ボーイミーツガール×新興宗教×お気楽サイキック×ハードボイルド=胸キュンの青春!? 競泳女子・サクタさんと書道男子・門司くん。屋上で出会った2人のひと夏は甘酸っぱすぎて、時にハードで、かなり心地いい。
新鋭・田島列島の長編デビュー作となる『子供はわかってあげない』は「モーニング」連載時から話題沸騰となり、2014年9月23日に上下巻が発売されるや、「このマンガがすごい! 2015」でいきなりオトコ編の第3位にランクインした。マンガ好きから熱い注目を集める今もっともホットな話題作が登場! 味わい深き田島ワールドに迫る!!
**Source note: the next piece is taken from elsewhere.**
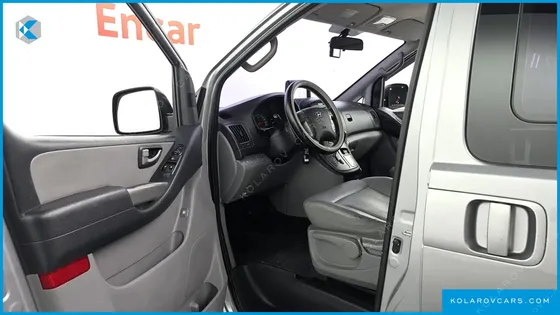 HYUNDAI STAREX 5-SEATER VAN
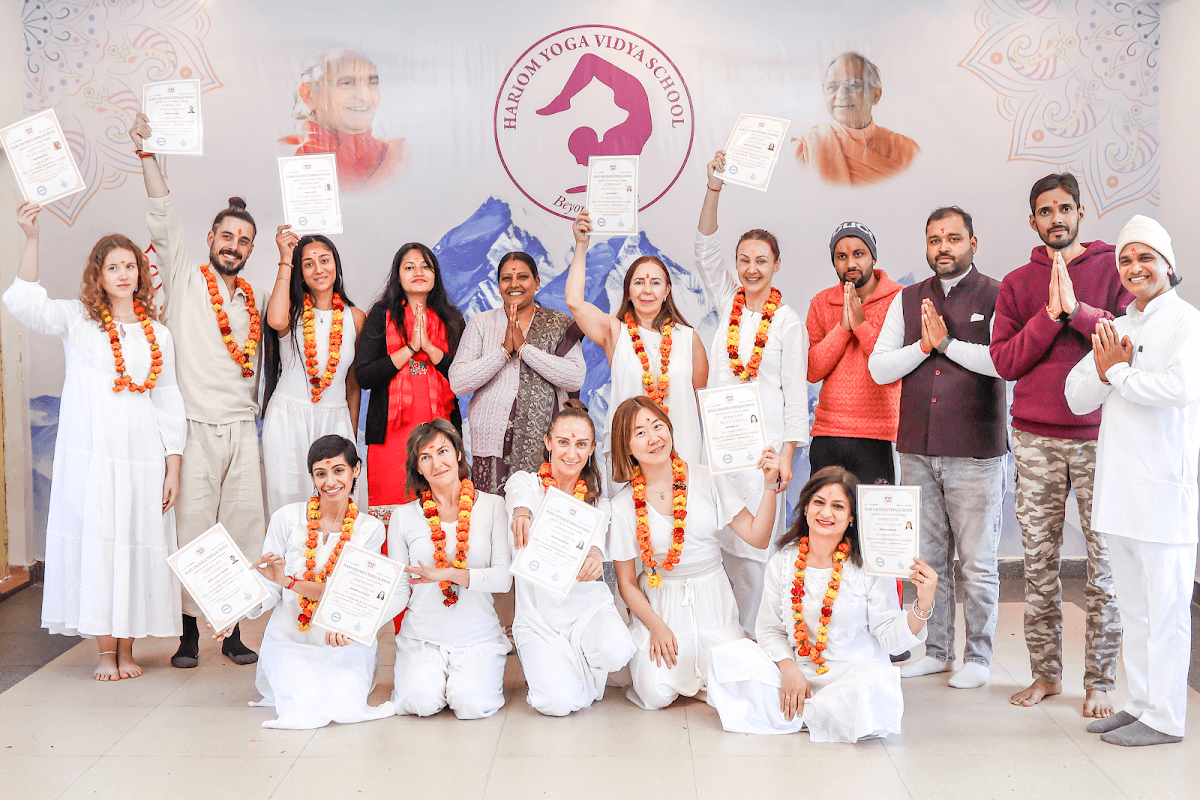 Hariom Yoga Vidya School 1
そうだ、マンガ描こう――知られざる漫画家デビューまでの道
――読初の長編作品『子供はわかってあげない』が「このマンガがすごい! 2015」で3位、直前の「このマンガがすごい!WEB」の11月ランキングでは1位(いずれもオトコ編)[注1]。今もっとも注目されている新人ではないでしょうか? 田島先生がどのような漫画家なのか、多くの読者が気になっていると思います。これまでの経歴をお教えください。
田島 最初の投稿作品は『ごあいさつ』という短編です。2008年の第24回MANGA OPEN(新人賞)[注2]でさだやす圭賞をいただきました。
担当 今、小学館さんの「ビッグコミック スペリオール」で『鬼死ね』[注3]を連載している岡田索雲先生が、ホームレスを題材にした『ブラックタイガー』という作品で大賞を受賞した回です。従来だと、大賞受賞作だけが「モーニング」に掲載されるのですが、この時は編集部内で「どっちもすごい!」という話になって、田島先生の『ごあいさつ』も掲載されました。
――投稿先に「モーニング」を選んだのは、どうしてでしょうか?
田島 じつは、最初は「ビッグコミック スピリッツ」に送ろうと思ってました。
担当 (苦笑)
田島 でも描き上げた時に発売されていた「スピリッツ」には、新人賞の応募要項が載っていなかったんです。それで、隣にあった「モーニング」を見たら募集があったので「じゃあこっちにしようか」と(笑)。や、「モーニング」も読んでいたんですよ。
担当 どうも話を聞くと、その記事は僕が作ったんですよ。木下晋也先生[注4]が『ポテン生活』で大賞受賞から即連載になったので、『ポテン生活』のカットを使って記事を作ったことを覚えています。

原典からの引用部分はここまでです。